Here’s the problem with that: You need to own a trailer and you need to have a field that isn’t half mud, so you can get the trailer in and out of the field!
I’m going to take you on a journey here – that spans about 2 years. And I’m going to share it in present-tense, real-time, as it unfolded for me. So don’t get confused when I say that Jax is 18 months old, when you know that he is actually 3! All that means, is that at the time the event occurred, Jax was 18 months old.
Alright, let’s start with a fantastic demonstration on how you can make tight, confined, unnatural spaces a positive experience for any animal! Watch the first 2 segments:
Now let’s rewind about a year and a half: I have neither trailer, nor access to the field, so I am having to invent other methods.
Sure, I know the pressure-release method. And I know the ‘making the wrong thing hard and the right thing easy’ method. I’ve seen it done with both flagging the air and whacking the horse with the flag – and the only place of peace or rest is the trailer, so that’s how you get the horse to go there.
I am not too interested in any of those methods, because whilst they certainly do work, they also damage the intimacy and trust level I’ve established in my relationship with my horses. Intimacy and trust are of utmost importance to me, because I don’t want a horse who will obey me, I want a horse who wants to get with me – a horse who’s got my back when things go South. Above all, I want to honor my horse’s wisdom and ability to think independently and to bring that perspective to our relationship.
And so, what method do I use? Hell if I know! Guess it’s Listen to your horse time…
Because whilst I want to honor my horses’ desire to never get into a trailer again, I also have 4 horses I need to move to new pastures by the end of the week. I can’t walk them there, so we have to go by trailer. Only 1 of my horses (Jax) will even get in the trailer willingly – but he is still pretty jumpy as he’s had a couple bad experiences now where he’s been locked in the trailer for 40-60 minutes waiting for the other horses who are refusing to load.

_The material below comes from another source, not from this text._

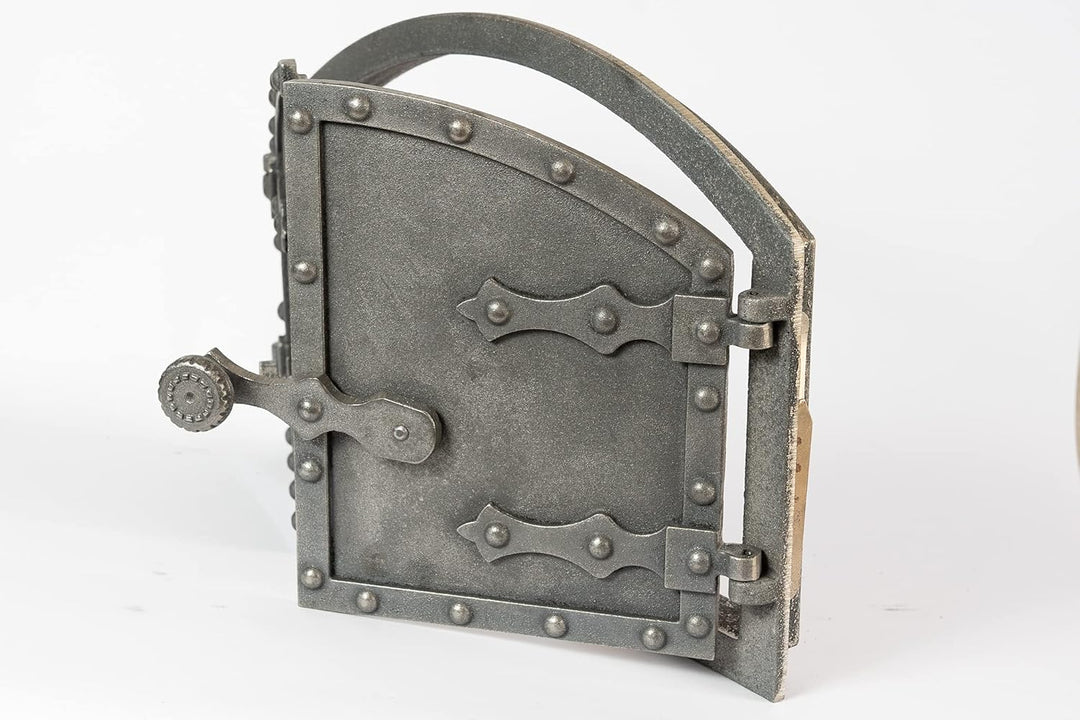 SEZAM doppelte Backofentür aus Gusseisen mit Türriegel, Nietenoptik, Pizzaofentür - Brotofen - Stein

I will admit, trailering is one of those ‘sticky situations’ where I have allowed time and logistical pressures to dominate. Not because I consciously made that decision, but because I didn’t feel I had any choice. I don’t own a trailer and it is not possible to rent a Warmblood size trailer, so I just thought, “Well, I have to hire a hauler with a large trailer to haul my horses. I figured getting them box stalls was the best I could do, under the circumstances.
The Trailer Gong Show
Well, my horses tolerated that the first couple of times, before they really knew me. And then – when I needed to move them to their new pasture, after they’d been with me for two months – Montaro and Audelina said, “Forget it!!” When the hired hauler showed up to load them, my Belgian mare, Audelina, was so scared and filled with anxiety at the prospect of getting on the trailer that her bowels went into spasm when she got within 3 feet of the trailer.
Confession time: And that’s where I abdicated. I knew from her state there was no way I was going to be able to get her to willingly go into that trailer. So I handed her lead rope to the hauler and she used the natural horsemanship pressure-release method to try to get Audie on the trailer. I stood by and sent her love and communicated to her in thought-pictures and praised her whenever she took a step forward.

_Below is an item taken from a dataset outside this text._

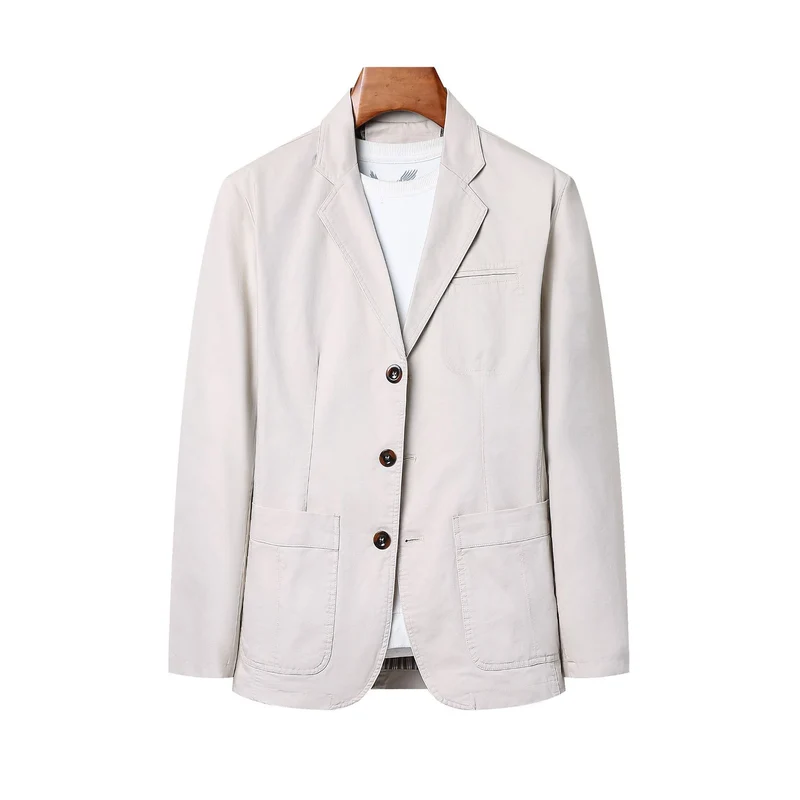 Herren nan legeres Baumwoll-Twill Sakko mit aufgesetzten Taschen und gestreiftem Innenfutter Drune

She proceeded to poop 5 times in the next 40 minutes. Her last trailer trip (the 2nd of her life) had been after I bought her and she was trailered 5 hours to me in the rain and cold, down twisty mountain roads. Very not fun.
I tried to communicate to her that this time was different; we were going only 10 minutes away, to 10 times the size of land, with a creek on it. I sent her pictures of our new pastures and asked her to please just get in the trailer.
But what I realized, is that even though her spirit self can hear me and understand me, her horse self is in bowel-spasming terror and she cannot override that.
So I called a stop to the attempts to load her and went to get my 2 year old, Fjord/Belgian gelding, Montaro. Keep in mind, by this time, my yearling Arab/Belgian, Jax, has already been on the trailer for half an hour. Now he is fed up and stamping, pawing, and kicking. The hauler shouts at him and jerks on his lead rope.
Montaro goes up to the trailer willingly, but when he senses the state Jax is in, decides there must be some bad shit happening in the trailer, so no way is he getting in! Did I mention it is blowing wind and bucketing with rain? Even though it is only 11 am it is dark from the nasty weather and the trailer is also dark and oppressive looking.
Once again, I abdicate after 5 minutes as I perceive clearly (after all, my horses are used to fluent communication with me) that there is no way he’s getting on that trailer, because Jax is showing him it is a bad place to be. Once again, I hand the lead rope to the hauler, who has no luck either. As I watch the extreme amount of pressure being applied to his head (after teaching my horses to lead with hand signals and zero pressure on their head), after the 3rd attempt, I can’t take my betrayal of them any longer and I call it a day.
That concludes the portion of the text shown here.